4.3.16 problem 59

(a)

WLOG, let $m_1>m$ be the second median of $X$. Then, by the definition of medians, $P(X\le m)\ge \frac{1}{2}$ and $P(X\ge m_1)\ge \frac{1}{2}$. Then, $P(X\in (m,m_1\left)\right)=0$. If $m_1>m+1$, then there exists an $m_2\in (m,m_1)$, such that $P(X=m_2)=0$. This implies that $m_2=1$, since that is the only value of $X$ with probability $0$. However, then $m<1$, which precludes $m$ from being a median.
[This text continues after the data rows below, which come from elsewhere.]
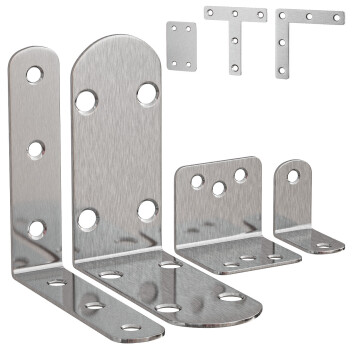 Кронштейни Small Angle Fixing L Shape Corner Joining Repair Metal Brace Various 3D модель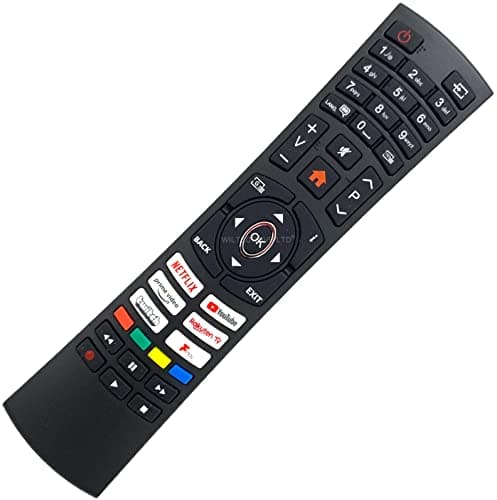 Image of Enhanced Replacement RC4391P Remote Control for Bush DLED40FHDS 40 Inch Smart Full HD LED TV - Direct Access to Netflix, Prime Video, YouTube, Freeview Play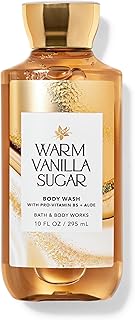 Bath & Body Works Warm Vanilla Sugar Body Wash 295ml | With Pro-Vitamin B5 + Aloe |Fresh, Clean Scent, Moisturizing Shower Gel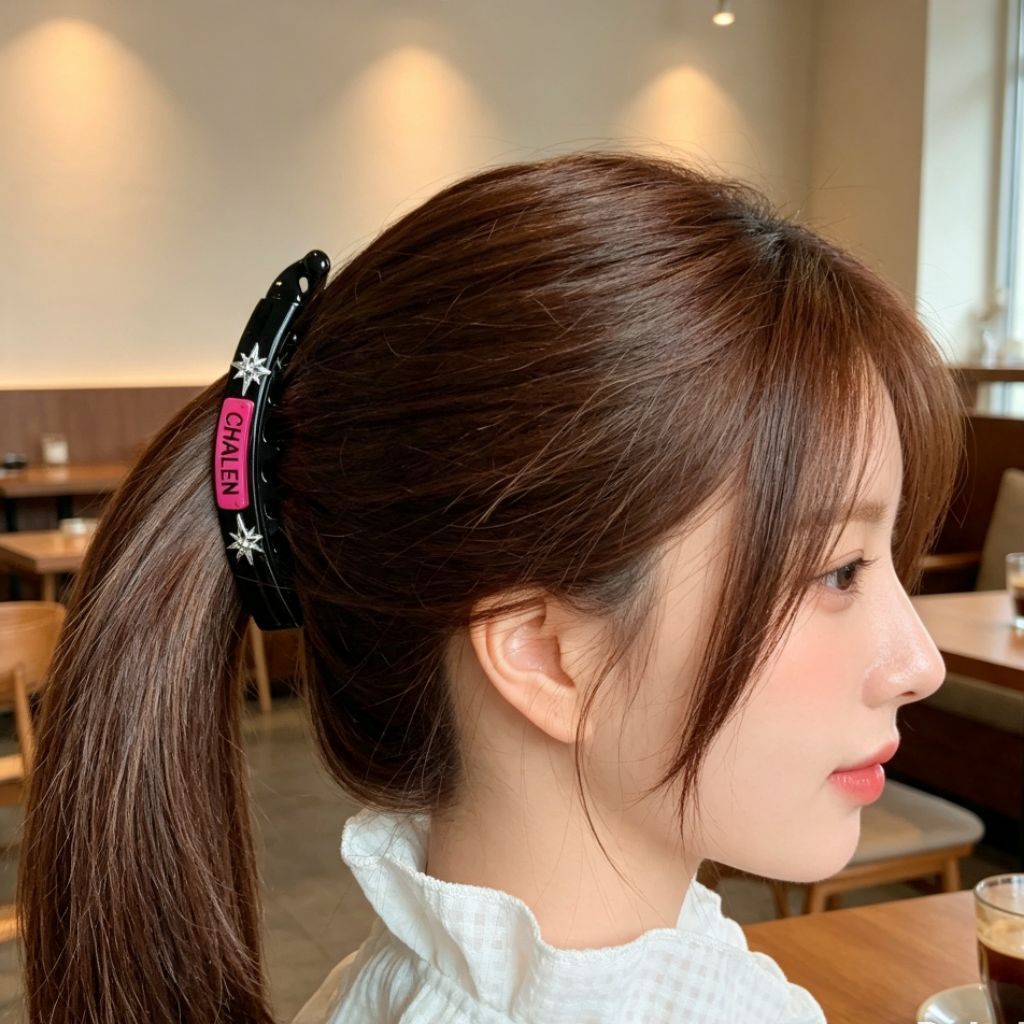 [B058] กิ๊บติดผมทรงกล้วย 4 ขนาดไซส์ S/M/L/XL ยาว 8/10/11/13 cm กิ๊บรูปดาว star chalen 4 สี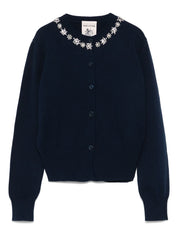 Semicouture Sweaters Blue crew neck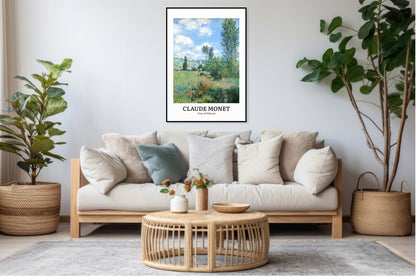 Obraz  Design View of Vétheuil, Monet Vintage do Salonu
Thus, $m_1$ must be $1+m$. Since we know $23$ to be a median of $X$, we need to check whether $22$ or $24$ are medians of $X$. Computation via the CDF of $X$ shows that niether $22$, nor $24$ are medians. Hence, $23$ is the only median of $X$.

(b)

Let $I_j$ be the indicator variable for the event $X\ge j$. Notice that the event $X=k$ (the first occurance of a birthday match happens when there are $k$ people) implies that $I_j=1$ for $j\le k$ and vice versa. Thus, $$X=\sum _{j=1}^{366}{I}_j$$

.

Then,

$$\text{E}\left(X\right)=\sum _{j=1}^{366}P(I_j=1)=1+1+\sum _{j=3}^{366}P(I_j=1)=2+\sum _{j=3}^{366}{p}_j$$

(c)

$2+22.61659=24.61659$

(d)

$\text{E}\left(X^2\right)=\text{E}(I_1^2+\cdots +I_{366}^2+2{\sum }_{j=2}^{366}{\sum }_{i=1}^{j-1}(I_i{I}_j\left)\right)$. Note that $I_i^2=I_i$ and $I_i{I}_j=I_j$ for $i<j$. Thus,

$$\begin{array}{cccc}\text{E}\left(X^2\right)& =\text{E}(I_1+\cdots +I_{366}+2{\sum }_{j=2}^{366}{\sum }_{i=1}^{j-1}{I}_j)& & \\ & =2+{\sum }_{j=3}^{366}{p}_j+2{\sum }_{j=2}^{366}\left(\right(j-1\left)\text{E}\right(I_j\left)\right)& & \\ & =2+{\sum }_{j=3}^{366}{p}_j+2{\sum }_{j=2}^{366}\left(\right(j-1\left)p_j\right)& & \\ & \approx 754.61659& & \end{array}$$

$\text{Var}\left(X\right)\approx 754.61659-{\left(\text{E}\right(X\left)\right)}^2\approx 754.61659-605.98=148.63659$.